What you return must be an exact copy of the lines in the listing below between the line holding "Take Profit Target" and the line holding "Alright, we want", inclusive, and nothing more.
(THE INPUT)
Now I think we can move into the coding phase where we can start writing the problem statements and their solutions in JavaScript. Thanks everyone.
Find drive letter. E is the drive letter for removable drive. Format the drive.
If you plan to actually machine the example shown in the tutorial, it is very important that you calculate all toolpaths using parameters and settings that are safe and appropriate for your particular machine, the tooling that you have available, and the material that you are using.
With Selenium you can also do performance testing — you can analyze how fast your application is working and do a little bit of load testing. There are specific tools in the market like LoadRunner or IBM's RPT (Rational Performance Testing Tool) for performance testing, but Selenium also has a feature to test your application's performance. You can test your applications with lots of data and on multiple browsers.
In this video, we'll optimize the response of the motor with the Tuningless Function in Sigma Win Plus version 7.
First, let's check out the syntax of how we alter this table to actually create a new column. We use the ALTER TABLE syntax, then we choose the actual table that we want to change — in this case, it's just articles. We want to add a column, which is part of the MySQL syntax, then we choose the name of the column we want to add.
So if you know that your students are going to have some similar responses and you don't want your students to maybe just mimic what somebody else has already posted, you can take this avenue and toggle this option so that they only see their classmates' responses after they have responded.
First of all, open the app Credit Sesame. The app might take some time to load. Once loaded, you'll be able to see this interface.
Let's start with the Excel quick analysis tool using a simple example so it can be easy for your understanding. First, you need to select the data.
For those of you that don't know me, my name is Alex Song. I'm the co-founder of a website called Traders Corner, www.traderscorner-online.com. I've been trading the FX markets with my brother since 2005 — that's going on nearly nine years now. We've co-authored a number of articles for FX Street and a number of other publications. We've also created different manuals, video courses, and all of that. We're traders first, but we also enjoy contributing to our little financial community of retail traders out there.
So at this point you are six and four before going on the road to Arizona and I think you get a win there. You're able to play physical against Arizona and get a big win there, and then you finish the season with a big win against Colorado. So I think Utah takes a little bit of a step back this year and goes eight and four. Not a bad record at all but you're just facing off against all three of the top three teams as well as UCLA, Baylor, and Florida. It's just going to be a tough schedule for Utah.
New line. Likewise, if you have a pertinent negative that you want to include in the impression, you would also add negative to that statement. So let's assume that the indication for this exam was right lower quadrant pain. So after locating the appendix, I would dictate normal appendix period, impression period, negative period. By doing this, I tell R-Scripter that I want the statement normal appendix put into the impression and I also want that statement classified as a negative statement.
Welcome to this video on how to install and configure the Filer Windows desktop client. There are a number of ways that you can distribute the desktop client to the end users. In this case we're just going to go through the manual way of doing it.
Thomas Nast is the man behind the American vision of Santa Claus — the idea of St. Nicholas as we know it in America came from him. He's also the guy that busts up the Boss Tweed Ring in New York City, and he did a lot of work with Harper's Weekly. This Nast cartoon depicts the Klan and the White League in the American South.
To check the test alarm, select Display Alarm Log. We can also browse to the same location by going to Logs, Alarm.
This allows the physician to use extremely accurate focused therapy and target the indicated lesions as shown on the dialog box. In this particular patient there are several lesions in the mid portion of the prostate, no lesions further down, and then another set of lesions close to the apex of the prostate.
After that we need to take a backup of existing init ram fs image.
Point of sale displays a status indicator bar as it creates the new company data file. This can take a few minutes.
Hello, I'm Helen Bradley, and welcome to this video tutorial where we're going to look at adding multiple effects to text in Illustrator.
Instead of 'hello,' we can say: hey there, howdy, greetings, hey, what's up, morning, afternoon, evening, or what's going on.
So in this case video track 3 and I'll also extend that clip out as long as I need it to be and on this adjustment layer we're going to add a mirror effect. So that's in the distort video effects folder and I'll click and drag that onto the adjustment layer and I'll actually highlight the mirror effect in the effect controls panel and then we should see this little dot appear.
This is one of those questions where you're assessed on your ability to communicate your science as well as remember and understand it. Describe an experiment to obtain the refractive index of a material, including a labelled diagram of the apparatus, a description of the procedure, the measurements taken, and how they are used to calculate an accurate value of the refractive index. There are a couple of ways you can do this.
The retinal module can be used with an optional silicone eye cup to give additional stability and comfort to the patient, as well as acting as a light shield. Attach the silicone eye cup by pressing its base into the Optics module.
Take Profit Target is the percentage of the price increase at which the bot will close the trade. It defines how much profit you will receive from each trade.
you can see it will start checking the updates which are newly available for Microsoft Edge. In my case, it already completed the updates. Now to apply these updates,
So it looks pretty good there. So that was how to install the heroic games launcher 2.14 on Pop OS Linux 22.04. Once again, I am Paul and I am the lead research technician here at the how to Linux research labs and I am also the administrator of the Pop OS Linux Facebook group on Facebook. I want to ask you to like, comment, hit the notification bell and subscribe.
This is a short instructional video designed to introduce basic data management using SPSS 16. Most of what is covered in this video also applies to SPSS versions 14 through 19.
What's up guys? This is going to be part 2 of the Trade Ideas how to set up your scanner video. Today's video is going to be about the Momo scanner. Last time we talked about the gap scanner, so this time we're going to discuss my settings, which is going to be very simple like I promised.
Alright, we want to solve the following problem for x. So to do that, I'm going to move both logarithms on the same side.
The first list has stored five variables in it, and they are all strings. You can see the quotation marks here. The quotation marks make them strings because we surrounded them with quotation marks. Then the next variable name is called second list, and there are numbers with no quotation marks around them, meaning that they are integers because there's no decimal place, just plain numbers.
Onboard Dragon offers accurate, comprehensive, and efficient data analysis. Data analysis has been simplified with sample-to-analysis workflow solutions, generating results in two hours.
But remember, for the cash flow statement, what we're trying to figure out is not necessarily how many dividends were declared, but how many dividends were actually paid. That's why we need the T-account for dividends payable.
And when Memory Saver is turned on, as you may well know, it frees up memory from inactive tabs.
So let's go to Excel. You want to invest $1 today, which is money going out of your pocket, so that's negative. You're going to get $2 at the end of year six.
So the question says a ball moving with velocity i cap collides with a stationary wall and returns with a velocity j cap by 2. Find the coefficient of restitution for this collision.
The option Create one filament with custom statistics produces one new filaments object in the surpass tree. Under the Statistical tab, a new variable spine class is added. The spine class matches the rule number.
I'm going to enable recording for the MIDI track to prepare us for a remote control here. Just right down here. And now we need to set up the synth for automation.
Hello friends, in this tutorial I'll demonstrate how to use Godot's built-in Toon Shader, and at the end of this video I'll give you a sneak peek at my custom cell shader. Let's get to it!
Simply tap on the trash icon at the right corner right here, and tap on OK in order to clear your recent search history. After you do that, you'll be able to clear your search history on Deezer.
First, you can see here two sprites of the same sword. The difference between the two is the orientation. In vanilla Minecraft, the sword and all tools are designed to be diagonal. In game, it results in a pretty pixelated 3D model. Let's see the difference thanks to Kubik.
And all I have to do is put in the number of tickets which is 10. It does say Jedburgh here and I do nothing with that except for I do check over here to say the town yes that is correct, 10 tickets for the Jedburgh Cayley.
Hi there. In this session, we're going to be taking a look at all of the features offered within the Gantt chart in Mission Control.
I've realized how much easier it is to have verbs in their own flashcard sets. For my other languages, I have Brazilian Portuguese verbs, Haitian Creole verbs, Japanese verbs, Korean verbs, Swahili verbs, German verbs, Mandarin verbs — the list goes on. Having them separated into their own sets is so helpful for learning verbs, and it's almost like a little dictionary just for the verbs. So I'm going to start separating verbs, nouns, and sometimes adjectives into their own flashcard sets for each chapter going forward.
(End THE INPUT)
ANSWER BELOW ▸
Take Profit Target is the percentage of the price increase at which the bot will close the trade. It defines how much profit you will receive from each trade.
you can see it will start checking the updates which are newly available for Microsoft Edge. In my case, it already completed the updates. Now to apply these updates,
So it looks pretty good there. So that was how to install the heroic games launcher 2.14 on Pop OS Linux 22.04. Once again, I am Paul and I am the lead research technician here at the how to Linux research labs and I am also the administrator of the Pop OS Linux Facebook group on Facebook. I want to ask you to like, comment, hit the notification bell and subscribe.
This is a short instructional video designed to introduce basic data management using SPSS 16. Most of what is covered in this video also applies to SPSS versions 14 through 19.
What's up guys? This is going to be part 2 of the Trade Ideas how to set up your scanner video. Today's video is going to be about the Momo scanner. Last time we talked about the gap scanner, so this time we're going to discuss my settings, which is going to be very simple like I promised.
Alright, we want to solve the following problem for x. So to do that, I'm going to move both logarithms on the same side.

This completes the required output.